Miriam: I’ve been teaching at Parsons Paris since 2017. I started teaching a first year course called Sustainable Systems and another first year course called Space Materiality. Sustainable Systems introduces students to the interconnectedness of environmental and social issues. We were encouraged by colleagues at Parsons New York to do a science lab, which is when I started experimenting with myco-fabrication.
Did you have a background in mushroom cultivation before you were introduced to myco-fabrication?
Miram: Not at all. I was fascinated immediately, though. I’ve always been attracted to low-tech production so myco-fabrication resonated with me because you can create by hand and work with found objects. A lab isn’t necessary either. I started experimenting more with mycelium in my practice thinking about its opportunities, such as the ability to use local waste as a resource and also exploring its pedagogical value. What was interesting is that while Stella was in New York at the time, she started to engage in mushroom foraging--it happened in parallel. I was working with myco-fabrication from a design point of view and when we were talking she opened up another dimension to it. It changed my approach to working with mycelium.

Tell me about your project ‘Honey, I Watered the Screen.’
Miriam: For this project, we collaborated with two friends who are also artists. Their studio is called Atelier 37.2, Francesca is an architect/artist and colleague at Parsons, and Nicolas is a photographer. Honey was a collaborative project on many levels--on one hand, it was a collaboration between designers and artists and photographers, on the other hand, collaboration with the non-human - the mycelium. It was also a new angle to what we’ve been working with: an exploration of both these discarded objects and the fungi. And ultimately it resulted in a conversation between them. For us, it was also a reflection on the life cycle of these objects and a critical design project, if you will. We cleaned these objects, inoculated and watered them, which felt like this very surreal, but somehow satisfying action. Also, the fungi kept surprising us in so many ways.
How so?
Miriam: We inoculated a tape dispenser--there was a big opening and we thought the mushrooms would come out of the opening but they ended up fruiting out of a tiny slit on the other side! It highlighted the limitations of our control and the resilience of the organism that thrive even in these materials. Another object was an electrical board and we thought: this will never work. And it sprouted mushrooms! It was so fascinating.

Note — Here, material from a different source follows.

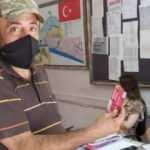 Bulduğu kredi kartını zabıtaya teslim etti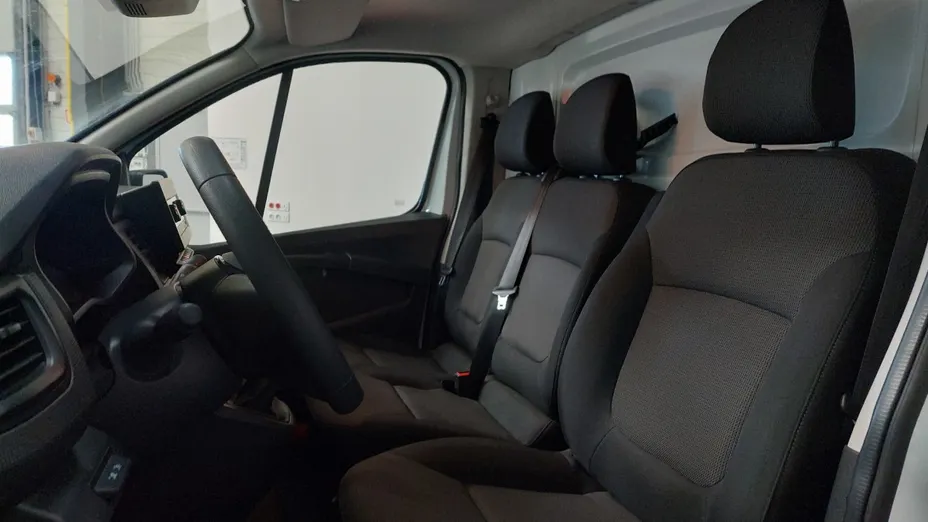RENAULT Trafic -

One of my favorite things about oyster mushrooms is that even if you put them in the least optimal conditions, they always seem to find a way to fruit. What was your process for ‘Honey I watered the screen’? I’m guessing you cleaned and sterilized the vessel, and I’m guessing with gloved hands you inoculated it with sawdust mycelium?
Miriam: We didn’t even use gloves!
Stella: It’s interesting because the mycelium often didn’t contaminate even without following the usual protocol - we have explored this concept further with a more recent project but as Miriam said, the interesting thing with Honey was the attention we gave to the objects that would otherwise be discarded, often at the end of their life cycle - we spent time cleaning and preparing them… it was almost ceremonial. It was a very bizarre experience.
Miriam: Then we built a greenhouse for them because some of the objects would have dried out. So we kept them very humid and watered them pretty frequently.
For the iPad piece, which happens to be my favorite, did you crack the screen after?
Miriam: It wasn’t an iPad, it was an iPhone cover.
Stella: But for example for the computer screen we did crack it and filled the back with mycelium and it only had the opportunity to go through that crack.
Miriam: There’s a company here in Paris called La Boite à Champignon that sells mycelium spawn. Our substrate was mostly paper and coffee grounds, which we sterilized and let cool before we mixed it in with the mycelium. We used any kind of organic waste we had at hand.
Stella: We even used banana peels.

How does the impermanence of your pieces--pertaining to the life cycle of fungi--drive the way you wish for your art to be consumed, seeing as it’s not meant to be in fruiting condition forever?
Stella: We often talk about how to reconcile our instinct to make things in a world that has too many things. As product designers this project was an opportunity to create without making anything new, rather use what already exists to provoke conversation around our perceptions of material temporality and value and, in the Anthropocene - photography is a great medium to capture something so impermanent.
I noticed you guys mostly had oyster mushrooms, correct? Makes sense, given it’s a very robust species that is less contamination prone and very easy to fruit--but have you thought about using other types of mushrooms?
Miriam: Well I tried Shiitake and the mycelium took so long to grow, I didn’t manage to fruit any mushrooms. But with ‘Honey I watered the screen’, we chose to use oysters because of their fruiting efficiency and, in general, we're interested in Pleurotus for its mycoremedial capabilities.
Can I ask about what is coming ahead for you guys? Do you guys have another project you’re working on?
Miriam: We are right in the middle of a new project.
Stella: What we are looking at is how to bridge a disconnect between myco-fabrication and mycelia’s interrelationships and roles in the ecosystem - We are interested in imagining fabrication processes using mycelium that contribute to the biodiversity of ecosystems so that our fabrication processes can offer more opportunities not just for humans but also for nature. The project is called ‘Back to dirt’ - where we are experimenting with myco-fabrication underground, in soil.
M: It’s a very large project. It is an exploration of control, by way of limiting and sharing control with mycelium. When we grow mycelium in a lab, in a mould, there is no reciprocity. We wanted to push that further by asking ourselves how we collaborate with the organism in a way that is more reciprocal. The project proposes a new bio-inclusive way of fabrication. We are excited to share this project at a symposium next month at the Design museum titled Design with the Living.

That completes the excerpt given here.